As The 100th Anniversary Of World War I Continues -The Anti-War Resistance Builds -The Russian Revolution Explodes On World History


As The 100th Anniversary Of World War I Continues -The Anti-War Resistance Builds   
The events leading up to World War I (known as the Great War before the world got clogged up with expansive wars in need of other numbers and names and reflecting too in that period before World War II a certain sense of “pride” in having participated in such an epic adventure even if it did mow down the flower of European and in some cases colonial youth from all classes) from the massive military armament of almost all the capitalist and imperialist parties in Europe and elsewhere in order to stake their claims to their unimpeded share of the world’s resources had all the earmarks of a bloodbath early on once the industrial-sized carnage set in with the stalemated fronts (as foretold by the blood-letting in the American Civil War and the various “small” wars in Asia, Africa, and, uh, Europe in the mid to late 19th century once war production on a mass scale followed in the train of other less lethal forms of  industrial production).

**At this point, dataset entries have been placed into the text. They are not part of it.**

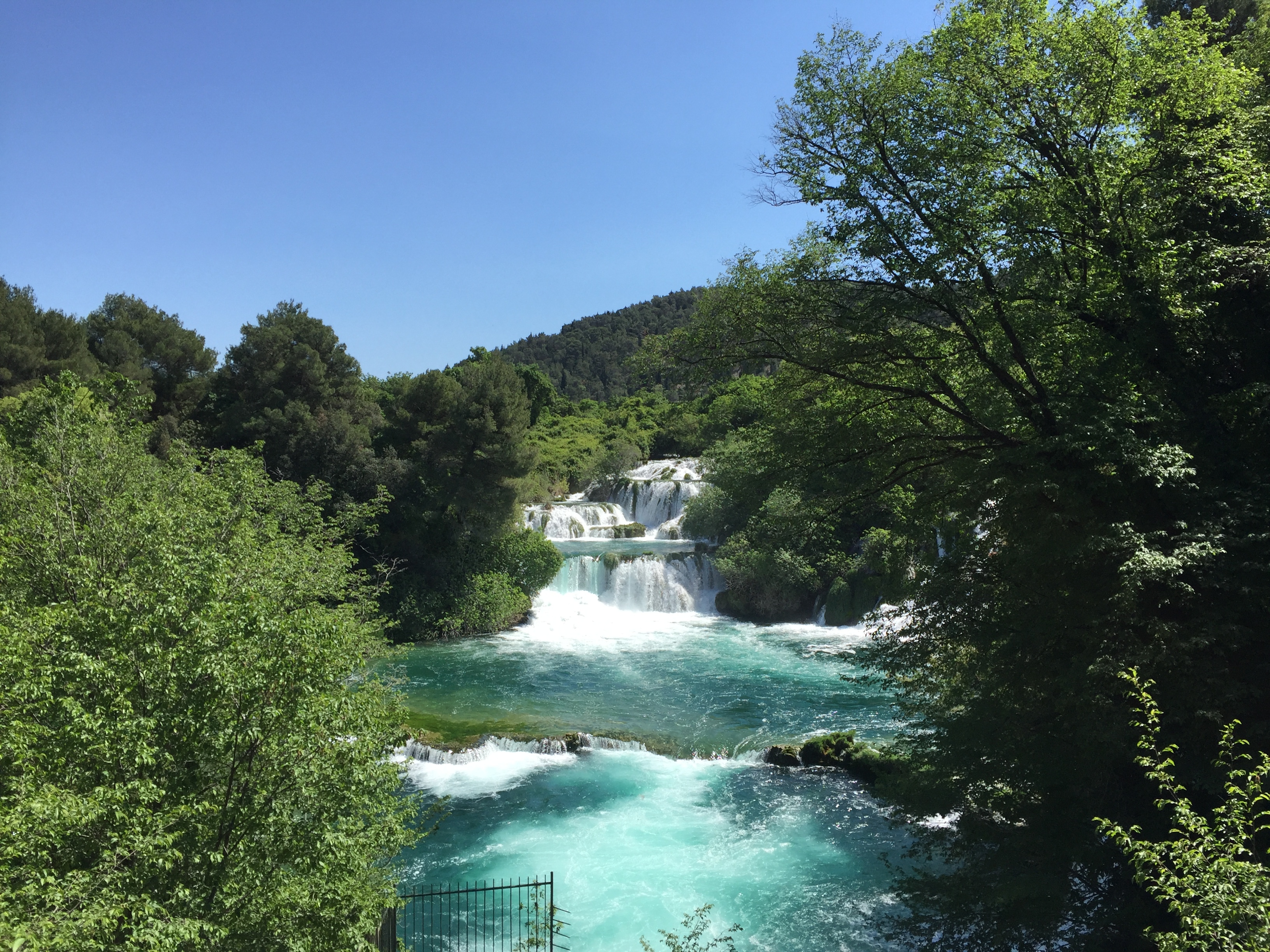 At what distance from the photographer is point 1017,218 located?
319 inches

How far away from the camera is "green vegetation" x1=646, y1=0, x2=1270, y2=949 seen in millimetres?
6797

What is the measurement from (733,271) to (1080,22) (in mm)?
4628

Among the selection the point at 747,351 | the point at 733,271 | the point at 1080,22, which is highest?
the point at 1080,22

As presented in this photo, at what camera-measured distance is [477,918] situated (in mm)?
10102

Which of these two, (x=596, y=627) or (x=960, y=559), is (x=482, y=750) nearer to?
(x=960, y=559)

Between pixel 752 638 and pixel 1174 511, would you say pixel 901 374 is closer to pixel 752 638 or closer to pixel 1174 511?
pixel 1174 511

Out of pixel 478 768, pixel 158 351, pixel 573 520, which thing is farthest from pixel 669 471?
pixel 478 768

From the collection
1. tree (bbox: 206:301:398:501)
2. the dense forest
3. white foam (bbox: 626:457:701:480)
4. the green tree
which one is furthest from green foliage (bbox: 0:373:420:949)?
white foam (bbox: 626:457:701:480)

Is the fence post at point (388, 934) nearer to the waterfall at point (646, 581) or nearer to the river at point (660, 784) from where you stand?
the river at point (660, 784)

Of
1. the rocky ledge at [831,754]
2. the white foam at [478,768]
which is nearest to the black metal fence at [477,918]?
the white foam at [478,768]

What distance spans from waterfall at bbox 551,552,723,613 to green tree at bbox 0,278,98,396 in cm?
2032

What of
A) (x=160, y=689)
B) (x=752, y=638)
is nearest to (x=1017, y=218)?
(x=160, y=689)

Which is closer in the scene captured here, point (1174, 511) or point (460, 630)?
point (1174, 511)

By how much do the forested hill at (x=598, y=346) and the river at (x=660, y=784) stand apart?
76617mm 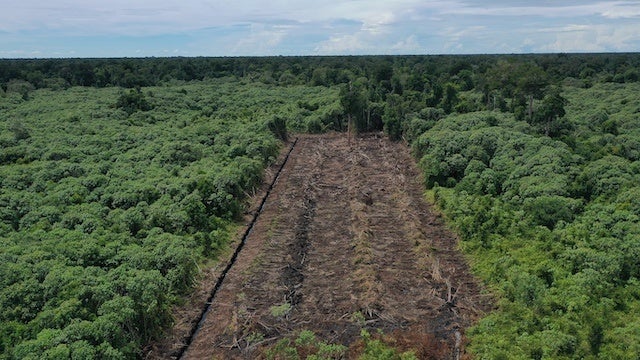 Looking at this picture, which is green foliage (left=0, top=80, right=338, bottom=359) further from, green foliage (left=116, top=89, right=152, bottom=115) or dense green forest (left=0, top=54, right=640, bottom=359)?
green foliage (left=116, top=89, right=152, bottom=115)

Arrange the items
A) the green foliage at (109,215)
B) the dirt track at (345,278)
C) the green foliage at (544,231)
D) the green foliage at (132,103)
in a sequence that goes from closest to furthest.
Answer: the green foliage at (109,215) → the green foliage at (544,231) → the dirt track at (345,278) → the green foliage at (132,103)

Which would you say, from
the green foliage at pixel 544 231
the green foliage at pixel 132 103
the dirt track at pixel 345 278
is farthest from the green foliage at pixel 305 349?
the green foliage at pixel 132 103

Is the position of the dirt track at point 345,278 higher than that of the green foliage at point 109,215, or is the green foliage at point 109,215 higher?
the green foliage at point 109,215

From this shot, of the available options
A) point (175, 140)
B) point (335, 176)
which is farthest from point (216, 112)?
point (335, 176)

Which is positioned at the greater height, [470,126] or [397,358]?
[470,126]

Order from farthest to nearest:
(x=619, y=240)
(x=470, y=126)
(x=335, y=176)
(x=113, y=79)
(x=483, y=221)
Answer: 1. (x=113, y=79)
2. (x=470, y=126)
3. (x=335, y=176)
4. (x=483, y=221)
5. (x=619, y=240)

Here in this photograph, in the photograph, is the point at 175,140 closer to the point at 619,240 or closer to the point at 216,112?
the point at 216,112

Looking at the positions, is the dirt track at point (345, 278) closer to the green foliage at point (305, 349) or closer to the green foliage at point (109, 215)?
the green foliage at point (305, 349)
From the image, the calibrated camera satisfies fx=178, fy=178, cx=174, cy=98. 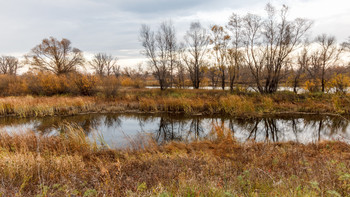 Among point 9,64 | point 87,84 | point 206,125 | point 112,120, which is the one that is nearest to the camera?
point 206,125

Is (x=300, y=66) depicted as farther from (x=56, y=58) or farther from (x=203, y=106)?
(x=56, y=58)

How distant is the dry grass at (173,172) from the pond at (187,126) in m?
2.20

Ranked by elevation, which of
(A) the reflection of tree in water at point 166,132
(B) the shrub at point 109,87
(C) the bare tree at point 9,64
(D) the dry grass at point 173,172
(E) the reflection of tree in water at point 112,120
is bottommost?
(A) the reflection of tree in water at point 166,132

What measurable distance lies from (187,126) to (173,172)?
800 centimetres

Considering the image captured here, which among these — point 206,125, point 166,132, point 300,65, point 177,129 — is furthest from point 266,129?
point 300,65

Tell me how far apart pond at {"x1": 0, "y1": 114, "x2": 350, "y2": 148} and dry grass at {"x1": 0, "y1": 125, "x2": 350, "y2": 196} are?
2.20 meters

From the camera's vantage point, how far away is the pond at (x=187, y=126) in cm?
952

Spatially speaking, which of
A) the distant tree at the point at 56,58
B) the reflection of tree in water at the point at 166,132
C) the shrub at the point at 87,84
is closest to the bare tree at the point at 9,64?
the distant tree at the point at 56,58

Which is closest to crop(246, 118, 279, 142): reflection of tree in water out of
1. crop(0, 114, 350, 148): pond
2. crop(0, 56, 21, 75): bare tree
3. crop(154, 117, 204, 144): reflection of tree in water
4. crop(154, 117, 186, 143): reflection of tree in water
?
crop(0, 114, 350, 148): pond

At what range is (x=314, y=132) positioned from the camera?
10086 mm

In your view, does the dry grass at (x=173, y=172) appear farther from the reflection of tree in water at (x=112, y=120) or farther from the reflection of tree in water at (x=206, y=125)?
the reflection of tree in water at (x=112, y=120)

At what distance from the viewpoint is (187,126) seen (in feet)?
38.8

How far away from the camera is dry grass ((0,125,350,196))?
279cm

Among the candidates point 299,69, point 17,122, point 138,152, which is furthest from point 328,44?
point 17,122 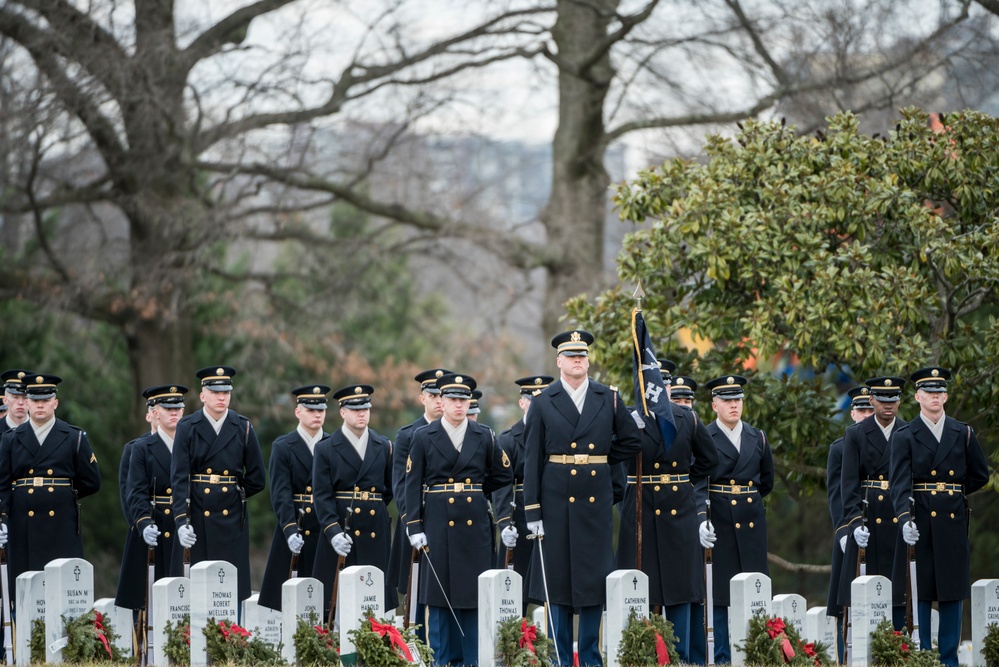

Also trampled underfoot in the opposing trenches, or rather thrown in the nearest trash bin of the their respective parliamentary buildings were the supposedly eternal pledges against war in defense of one’s own capitalist-imperialist  nation-state against the working masses and their allies of other countries by most of the Social-Democrats and other militant leftist formations (Anarchists, Syndicalists and their various off-shoots)representing the historic interest of the international working-class to stop those imperialist capitalist powers and their hangers-on in their tracks at the approach of war were decisive for 20th century history. All those beautifully written statements and resolutions that clogged up the international conferences with feelings of solidarity were some much ill-fated wind once bullet one came out of gun one.
Other than isolated groups and individuals, mostly like Lenin and Trotsky in exile or jail, and mostly in the weaker lesser capitalistically developed countries of Europe the blood lust got the better of most of the working class and its allies as young men rushed to the recruiting stations to “do their duty” and prove their manhood. (When the first international conference of anti-war socialists occurred in Switzerland in 1915, the famous Zimmerwald conference, one wag pointed out that they could all fit in one tram [bus].) Almost all parties assuming that the damn thing would be over by Christmas and everyone could go back to the eternal expressions of international working-class solidarity after the smoke had settled (and the simple white-crossed graves dug in the vast bone-crushed cemeteries that marked the nearby battle fields too numerous to mention). You see, and the logic is beautiful on this one, that big mail-drop of a Socialist International, was built for peace-time but once the cannons roared then the “big tent” needed to be folded for the duration. Jesus.  
Decisive as well as we head down the slope to the first months of the second year of the war although shrouded in obscurity early in the war in exile was the soon to be towering figure of one Vladimir Lenin (a necessary nom de guerre in the hell broth days of the Czar’s Okhrana ready to send one and all to the Siberian frosts and that moniker business, that nom de guerre not a bad idea in today’s NSA-driven frenzy to know all, to peep at all), leader of the small Russian Bolshevik Party ( a Social-Democratic Party in name anyway adhering to the Second International under the sway of the powerful German party although not for long because “Long Live The Communist International,”  a new revolutionary international, would become the slogan and later order of the day in the not distant future), architect of the theory of the “vanguard party” building off of many revolutionary experiences in Russia and Europe in the 19th century (including forbears Marx and Engels), and author of an important, important to the future communist world perspective, study on the monopolizing tendencies of world imperialism, the ending of the age of “progressive” capitalism (in the Marxist sense of the term progressive in a historical materialist sense that capitalism was progressive against feudalism and other older economic models which turned into its opposite at this dividing point in history), and the hard fact that it was a drag on the possibilities of human progress and needed to be replaced by the establishment of the socialist order. But that is the wave of the future as 1914 turned to 1915 in the sinkhole trenches of Europe that are already a death trap for the flower of the European youth.  
Lenin also has a "peace" plan, a peace plan of sorts, a way out of the stinking trench warfare stalemate eating up the youth of the Eurasian landmass. Do what should have been done from the beginning, do what all the proclamations from all the beautifully-worded socialist manifestos called on the international working-class to do. Not a simple task by any means especially in that first year when almost everybody on all sides thought a little blood-letting would be good for the soul, the individual national soul, and in any case the damn thing would be over by Christmas and everybody could start producing those beautifully worded-manifestos against war again. (That by Christmas peace “scare” turned out to be a minute “truce” from below by English and German soldiers hungry for the old certainties banning the barbed wire and stinking trenches for a short reprieve in the trench fronts in France and played soccer before returning to drawn guns-a story made into song and which is today used as an example of what the lower ranks could do-if they would only turn the guns around. Damn those English and German soldiers never did turn the damn things around until too late and with not enough resolve and the whole world has suffered from that lack of resolve ever since.)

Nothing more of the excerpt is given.